One of the challenges facing any political party when it is in opposition is how to resist the temptation to score easy political points by opposing everything the government of the day does only to find that they then have to eat their words the closer they get to an election. Last week these problems started to dawn on Ed Milliband as he started to outline his own plans to cut benefits and pensions.
2010 was not an easy time for David Cameron and the new coalition government to take the reins. The finances were in a mess with the country spending £150 billion per year more than it was receiving in tax revenue. The huge losses accumulated led to large debts. So much so that the country was spending more on interest charges alone than it was on schools.
The biggest area of government spending by a long way is welfare and benefits at around £200 billion per year. That equates to a cost of around £6000 for every household in Britain. It is impossible to tackle the losses the country is making without taking some tough decisions on benefits. Housing Benefit payments rocketed between 2005 and 2010 with some evidence that benefits were driving up rents beyond the reach of working people. There were over 1.5 million people effectively written off and left on various forms of incapacity benefit and even more sensitive areas such as disability allowances had seen an unexplained surge in cost.

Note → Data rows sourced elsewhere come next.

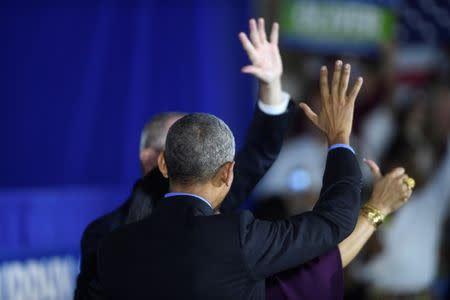 Former president Barack Obama acknowledges the crowd after rallying with New Jersey Democratic Gubernatorial candidate Jim Murphy in Newark, New Jersey, U.S. October 19, 2017. REUTERS/Mark Makela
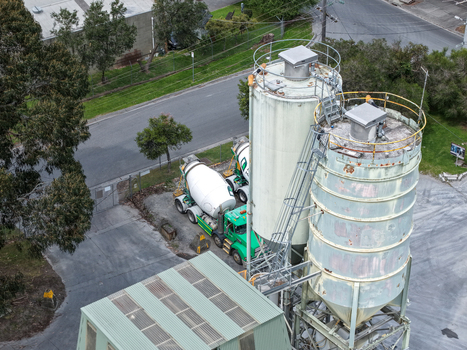 Melbourne VIC Australia 25 September 2026 Aerial view of industrial cement silos and a concrete mixer truck parked at a facility with surrounding trees and paved grounds.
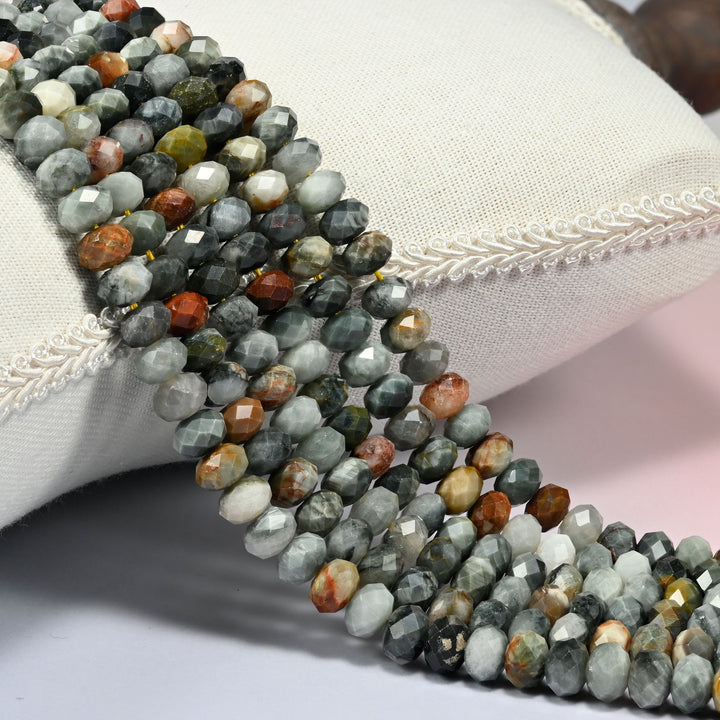 Eagle eye jasper faceted rondelle beads over a white cushion, gray green stone with orange beads.
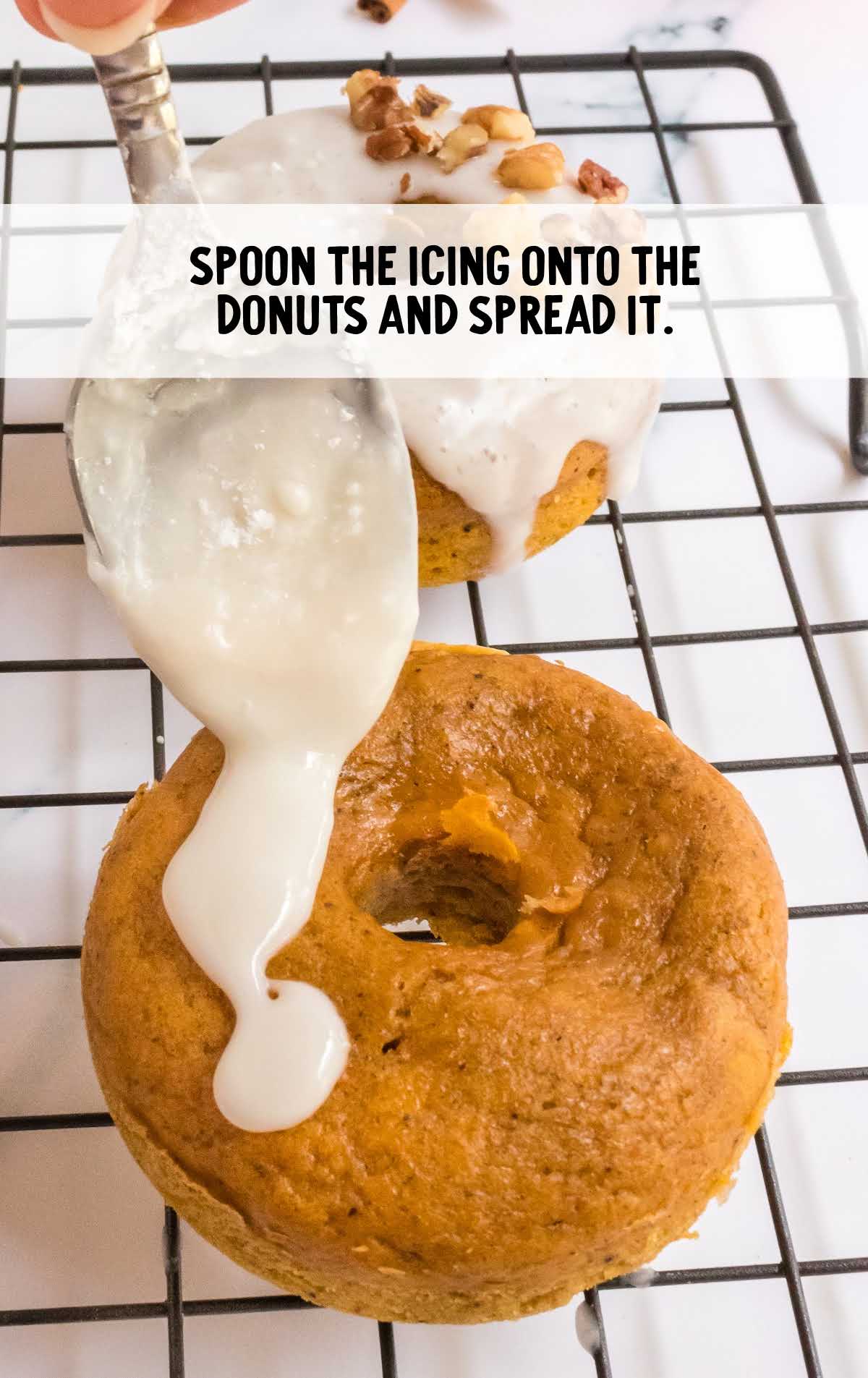 icing spooned onto the donut and spread it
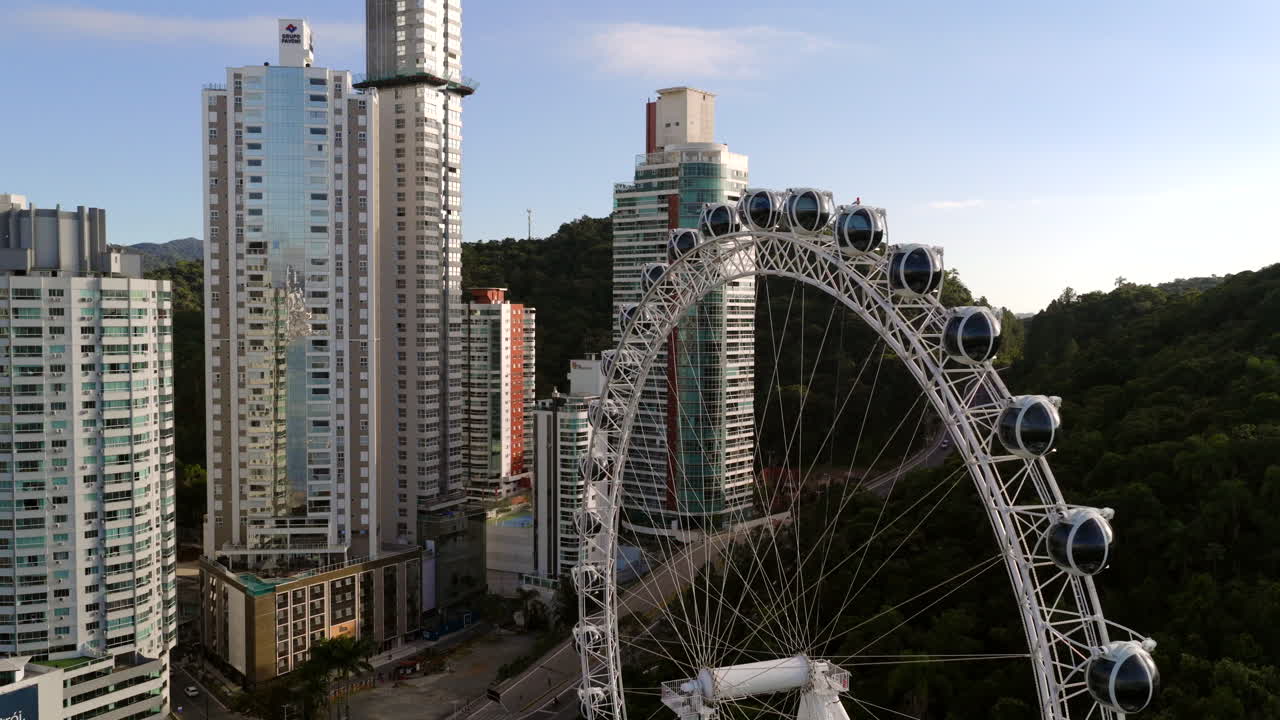 Towering over Barra Norte skyline, prominent ferris wheel rising against bright sky, highlighting urban landscape of Balneario Camboriu, Santa Catarina, Brazil, drone pushing in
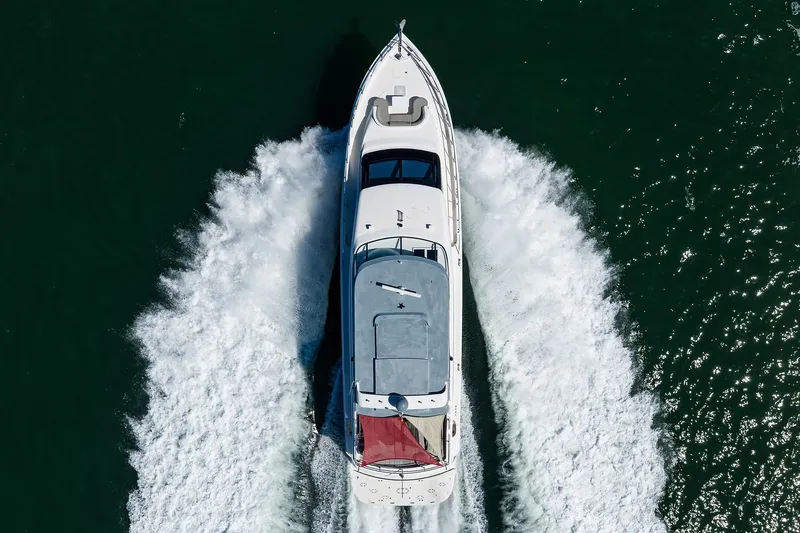 Slide: The Image of Aerial view of 2013 Hatteras 80 Motor Yacht cruising on water. - 85
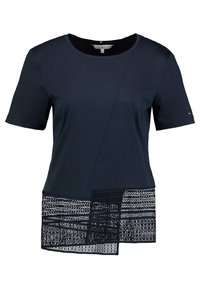 Tmavě modré tričko s krátkým rukávem, které má na spodním levém rohu texturovanou krajkovou panel, což dodává stylový kontrast.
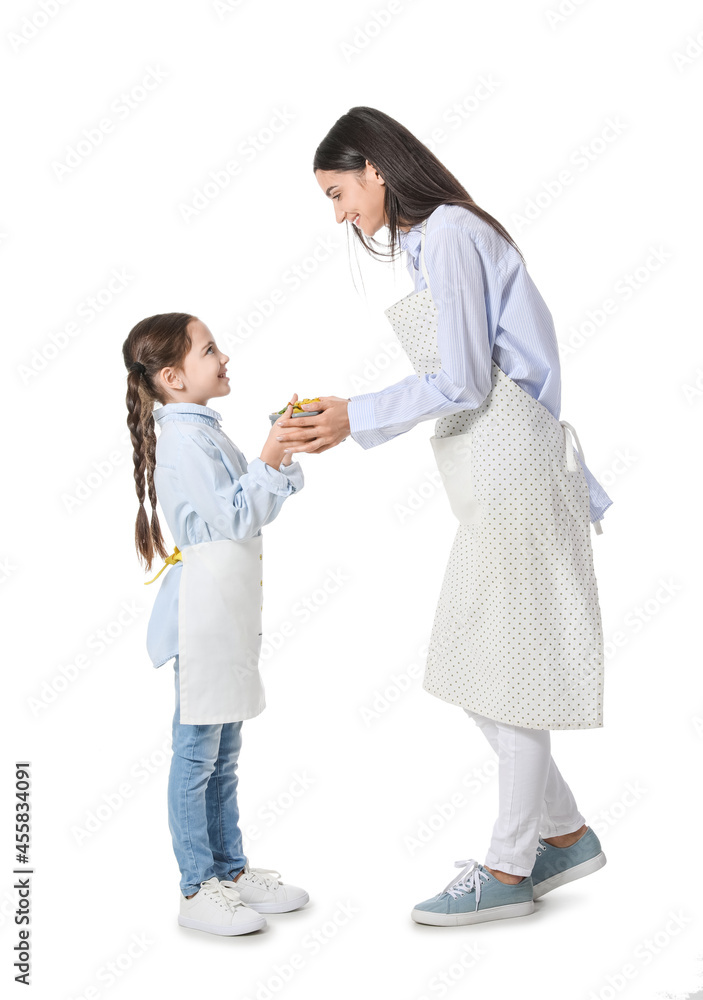 Young mother and daughter with tasty dish in saucepot on white background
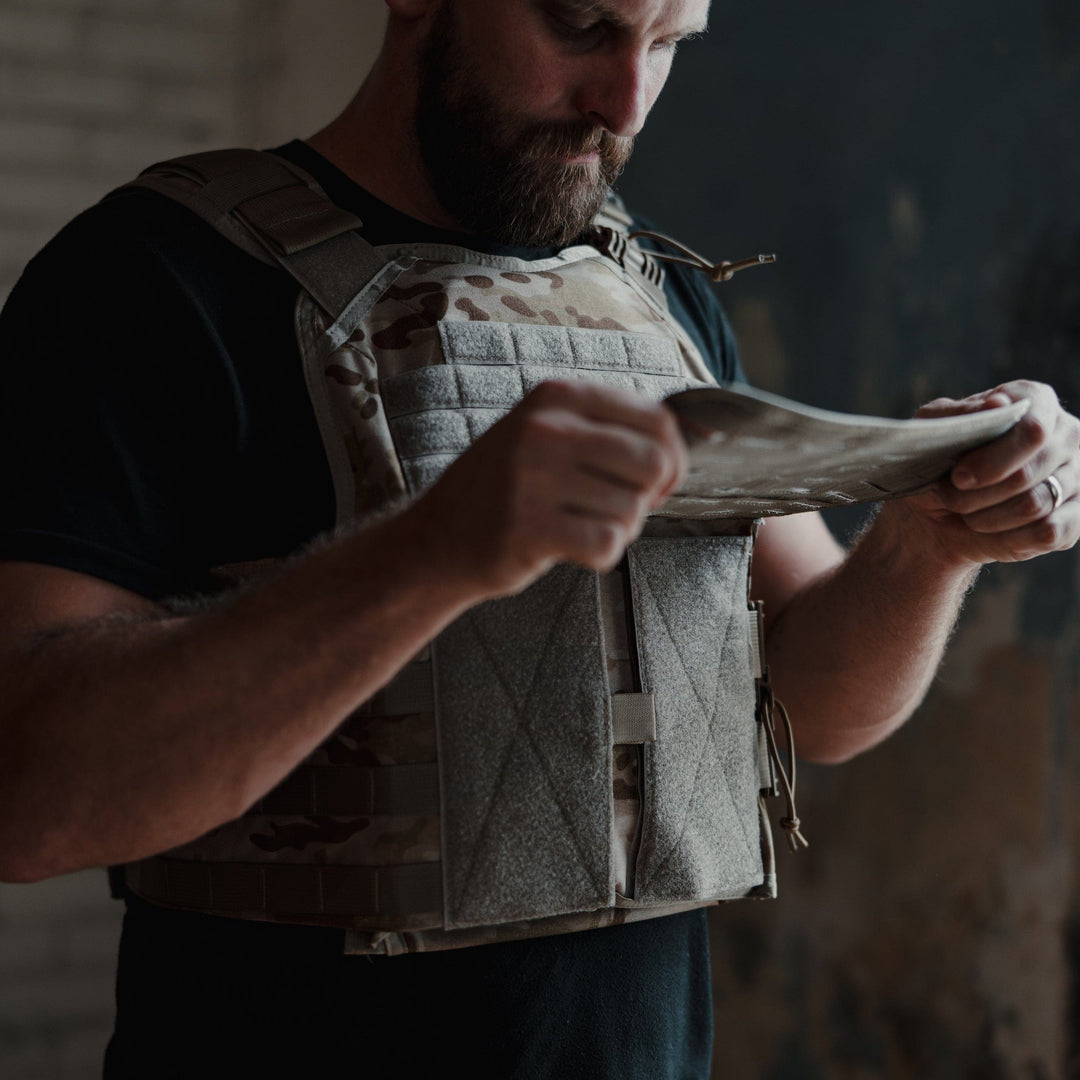 In a dimly lit room with textured walls, a bearded man examines a piece of fabric on his Core Mission Plate Carrier w/ Level IIIA Cummerbund Armor by Premier Body Armor. The tactical vest, equipped with MOLLE webbing, appears tailored for his core mission needs.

When money is tight, you have to target it where need is greatest so last week the government did outline plans to ensure that those who have disabilities get the right level of support. There has been an intensive effort to help the long term unemployed get back to work through schemes like the Work Programme which are starting to get results. There is a new scheme to help improve disability access to the work place so that people with an impairment are not excluded. Housing benefits have also been cut and there is a new cap on the maximum amount of benefit any large family can claim. None of these decisions are easy but they have been necessary and, in the long run, if we can reduce dependency and encourage more people to take work then we will help them escape poverty.
I think the mistake Ed Milliband made was to oppose every one of these changes without thinking about how the country would make ends meet. Over the next couple of years, he is going to have to come clean with people and admit that he would not, as it turns out, reverse these decisions and even plans cuts of his own.